La terapia è stata già adottata da reparti urologici universitari ed ospedalieri con criteri di completamento delle terapie tradizionali, in svariati paesi quali Svezia, Danimarca, Germania, Inghilterra, Francia, Belgio ed Italia. Gli operatori italiani ed europei sono in continuo contatto tra loro nell'ambito di un progetto collaborativo di studio.
Conclusioni
La tecnica chirurgica tradizionale usata in tutto il mondo: recentemente sottoposta a revisione critica da alcuni autori. Vediamo insieme il perché.
Introduzione
La prostatectomia radicale consiste nella rimozione chirurgica della prostata e delle vescicole seminali. Se l'operazione viene svolta per via addominale retropubica, vengono rimossi anche i linfonodi pelvici. Se vi è invece un approccio perineale (attraverso lo spazio tra l'ano e lo scroto) la procedura per la rimozione degli stessi deve essere eseguita mediante un altro intervento.
Molti chirurghi chiedono ai pazienti un prelievo del loro sangue prima dell'operazione per poterlo usare in caso di necessità. La durata dell'intervento di circa 2/3 ore, mentre la degenza post-operatoria del paziente va dai 3 ai 7 giorni; al malato viene applicato un catetere uretrale da mantenere per un periodo che va dai 10 ai 21 giorni. Inoltre per diverse settimane o addirittura mesi, la stragrande maggioranza di coloro i quali si sottopongono all'intervento, soffrirà di incontinenza quando questo catetere verrà tolto.
Perfino con le modifiche nella tecnica chirurgica introdotte da Walsh, le complicanze associate alla prostatectomia radicale ne hanno limitato il gradimento presso i pazienti, visto che l'incontinenza e l'impotenza sono complicanze frequenti ed importanti. Da uno studio eseguito dall'American College of Surgeons risulta che nel 1990, su un campione rappresentativo di 2122 pazienti operati con questa tecnica, l'81% si dimostrava continente, il 4% totalmente incontinente ed il restante 15% con un'incontinenza dovuta a stress. Di questo campione il 28% manteneva la potenza sessuale.

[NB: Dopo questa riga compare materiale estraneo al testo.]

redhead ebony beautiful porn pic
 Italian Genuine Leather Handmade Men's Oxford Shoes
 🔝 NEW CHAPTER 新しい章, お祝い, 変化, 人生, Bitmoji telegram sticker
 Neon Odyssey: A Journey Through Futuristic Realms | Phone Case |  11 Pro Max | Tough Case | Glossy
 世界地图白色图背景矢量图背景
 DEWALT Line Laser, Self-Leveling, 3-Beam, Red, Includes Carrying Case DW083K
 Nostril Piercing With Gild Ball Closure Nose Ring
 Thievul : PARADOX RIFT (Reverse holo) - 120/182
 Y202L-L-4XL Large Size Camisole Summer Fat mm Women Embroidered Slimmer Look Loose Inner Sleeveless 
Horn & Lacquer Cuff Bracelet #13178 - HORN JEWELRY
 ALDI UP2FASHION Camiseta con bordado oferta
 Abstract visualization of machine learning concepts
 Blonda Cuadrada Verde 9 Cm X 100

Da quando nel 1905 Hugh Hampton Young scrisse il suo rapporto sulla prostatectomia radicale, questa tecnica è stata definitivamente accettata come il golden standard per la cura dei tumori localizzati nella prostata, ed ogni nuova metodologia di cura deve essere necessariamente comparata con l'efficacia di questo trattamento.
Tradizionalmente la prostatectomia radicale è utilizzata con intenti curativi su pazienti con cancro alla prostata clinicamente localizzato (stadi A-B o T1-T2).
Sfortunatamente a tutt'oggi, all'incirca il 55% degli uomini con cancro alla prostata clinicamente localizzato ha invece alla prova dei fatti, un tumore extraprostatico. Viceversa, il 15% degli uomini trattati con questa tecnica, ha tumori così piccoli da non poter presumibilmente influire sulle loro normali aspettative di vita. Questi tumori di volume molto ridotto sono noti come "tumori clinicamente insignificanti".
Quindi visto che il 55% delle persone operate denota infiltrazioni tumorali ed un altro 15% soffre del problema inverso, se ne deduce che su basi istopatologiche solamente il 30% dei pazienti trae pieni benefici da questa tecnica.
In questo modo la maggioranza dei pazienti è sottoposta ad una procedura chirurgica di diminuzione del volume tumorale totale (debulking) e non ad una effettiva procedura curativa.
In alcuni studi sono stati esaminati alcuni pazienti con valori di PSA ripetuti in serie che non sono stati trattati e si è potuto dimostrare che la moltiplicazione delle cellule tumorali prostatiche avviene in un tempo abbastanza lungo; quindi almeno teoricamente riducendo il volume tumorale principale si potrebbero avere dei benefici terapeutici. Ad esempio se vi
è un volume residuo di tumore dopo intervento di prostatectomia radicale, recenti studi della Mayo Clinic mostrano che persino in casi di una sua crescita relativamente veloce (raddoppio ogni due anni) un tumore di 0,25 cc non dovrebbe avere un impatto sull'aspettativa di vita per un periodo di 12 anni.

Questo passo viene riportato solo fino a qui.